We declare a compute_skew function that takes as input the path to the image to process, at the beginning of the function we load this image in grayscale, we binarize it and we invert the colors (because objects are represented as white pixels, and the background is represented by black pixels).

void compute_skew(const char* filename)
{
  // Load in grayscale.
  cv::Mat img = cv::imread(filename, 0);
 
  // Binarize
  cv::threshold(img, img, 225, 255, cv::THRESH_BINARY);
 
  // Invert colors
  cv::bitwise_not(img, img);

We can now perform our erosion, we must declare our rectangle-shaped structuring element and call the erode function:

  cv::Mat element = cv::getStructuringElement(cv::MORPH_RECT, cv::Size(5, 3));
  cv::erode(img, img, element);

Now we must create our set of points before calling the function computing the bounding box. As this function cannot be called on an image, we must extract all the positions of our white pixels, this is a great opportunity to present how to scan an image using an iterator:

  std::vector<cv::Point> points;
  cv::Mat_<uchar>::iterator it = img.begin<uchar>();
  cv::Mat_<uchar>::iterator end = img.end<uchar>();
  for (; it != end; ++it)
    if (*it)
      points.push_back(it.pos());

We declare a vector of points in order to store all white pixels. Like when we iterate on a container in C++, we must declare an iterator and also get the iterator representing the end of our container. We use the Mat_ class, note the underscore at the end: it is because it is a templated class: here we must precise the type of the underlying data type. The image has only one channel of size 1 byte, the type is therefore uchar (unsigned char).

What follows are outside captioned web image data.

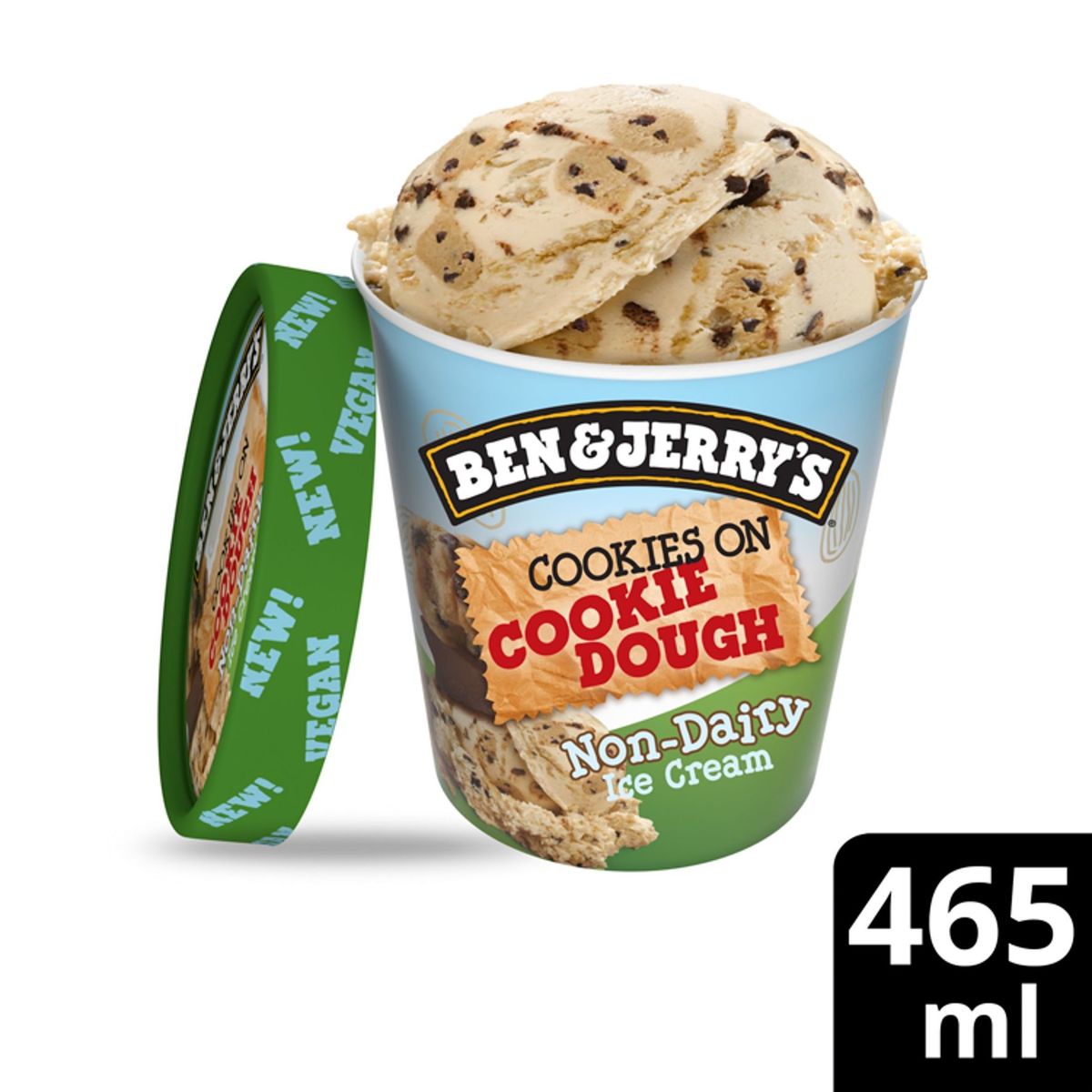 Ben & Jerry's Glace Non-Dairy Cookies On Cookie Dough 465 ml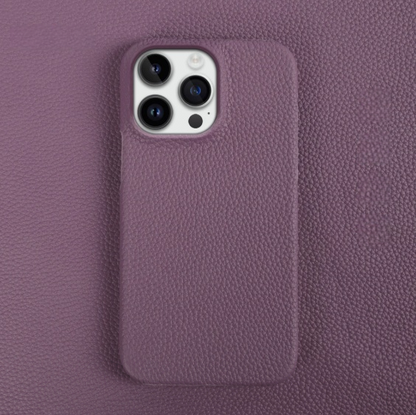 Modern Pebble Leather Case・Compatible with iPhone 16 Series 7914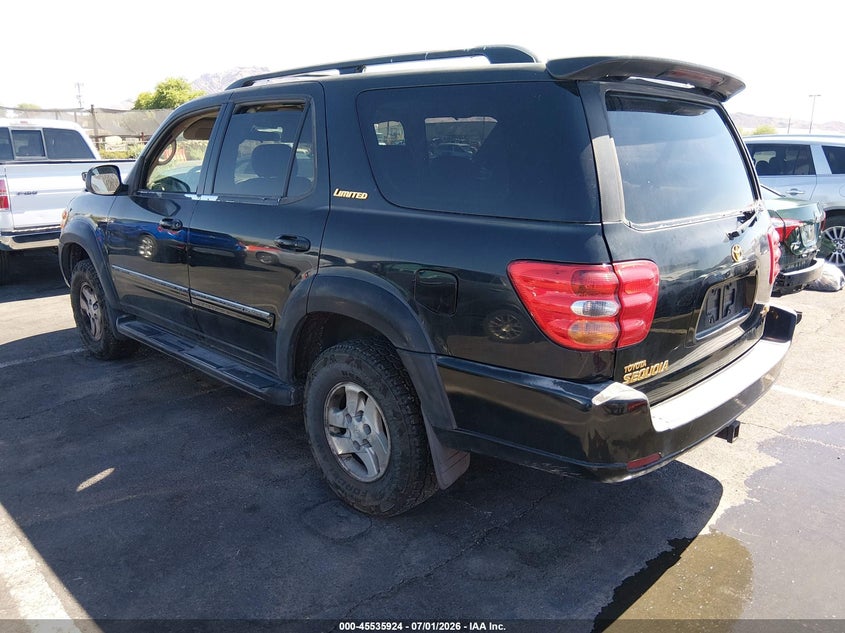 2001 Toyota Sequoia VIN 5TDZT38A11S008071 IAAI salvage auction — NORMAL WEAR, Clear (Nevada), sold $375 on 2026-07-24 (photo 3)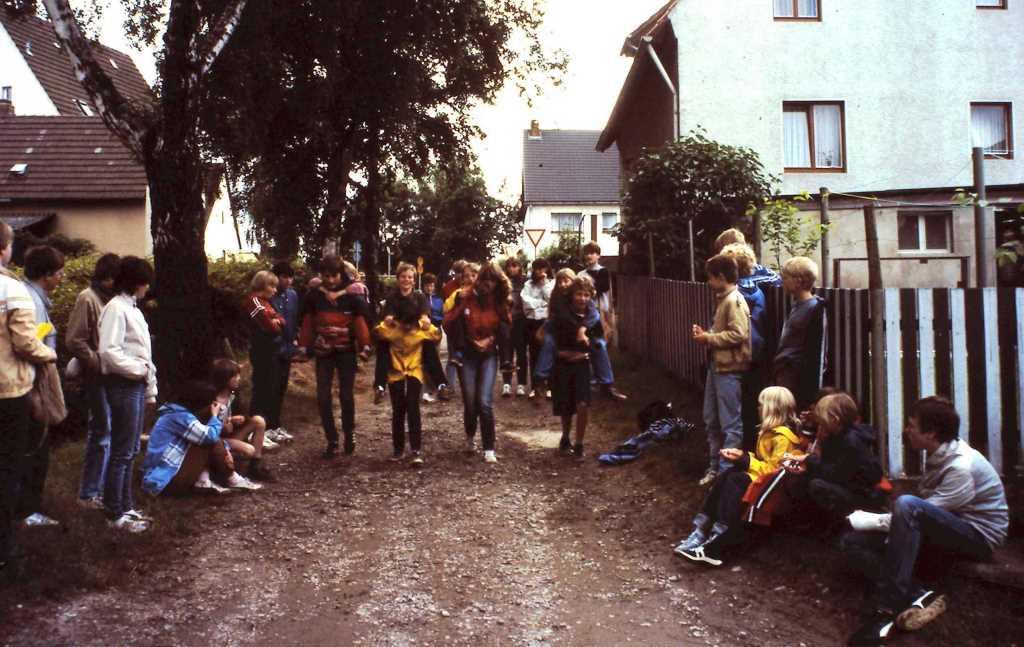 1984 Gruppenbild Sommerfahrt Holzminden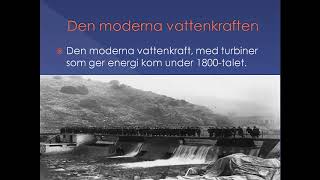 Förnyelsebar energi del 2  Vattenkraft och vågkraft [upl. by Aznofla615]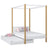 Lit à baldaquin avec tiroir pour matelas en bois blanc-chêne – chambre d'enfant scandinave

We can now use the OpenCV function in order to compute the minimal bounding box, this function is called minAreaRect, this function need a cv::Mat as input so we must convert our vector of points.

  cv::RotatedRect box = cv::minAreaRect(cv::Mat(points));

That's it, we have our minimal bounding box!
We can now have access to the angle:

  double angle = box.angle;
  if (angle < -45.)
    angle += 90.;

During testing I notice I only got negative angle and never below -90 degrees. This is because as we have no reference rectangle, there are several ways to compute the rotation angle. In our case, if the angle is less than -45 degrees, the angle was computed using a "vertical" rectangle, we must therefore correct the angle by adding 90 degrees.

Finally, we will display our bounding rectangle on our eroded image and print the angle on standard output:

  cv::Point2f vertices[4];
  box.points(vertices);
  for(int i = 0; i < 4; ++i)
    cv::line(img, vertices[i], vertices[(i + 1) % 4], cv::Scalar(255, 0, 0), 1, CV_AA);
 
  std::cout << "File " << filename << ": " << angle << std::endl;
  cv::imshow("Result", img);
  cv::waitKey(0);

Note that the line was anti-aliased using CV_AA as the last argument of cv::line.

Results

Using the same 5 images as in the previous article, we obtained the following angles:

The naming convention for those images is simple, the first letter stands for the sign of the angle (p for plus, m for minus) and the following number is the value of the angle.
The results are not as good as in the previous article, especially with a large angle. Indeed with large values, our preprocessing step (the erosion) will be less meaningful because pixels of a single letter are not vertically or horizontally aligned at all.

Note that the bounding box obtained is not the bounding box of our whole text. The erosion removed a lot of information, if we try to match the bounding box on the initial text, we will lose for example the upper part of letters with a larger height that other letters (e.g. f, t, h, d, l...). Compute the bounding box on the unprocessed text (or use a smaller structuring element) if you want the bounding box of the whole text.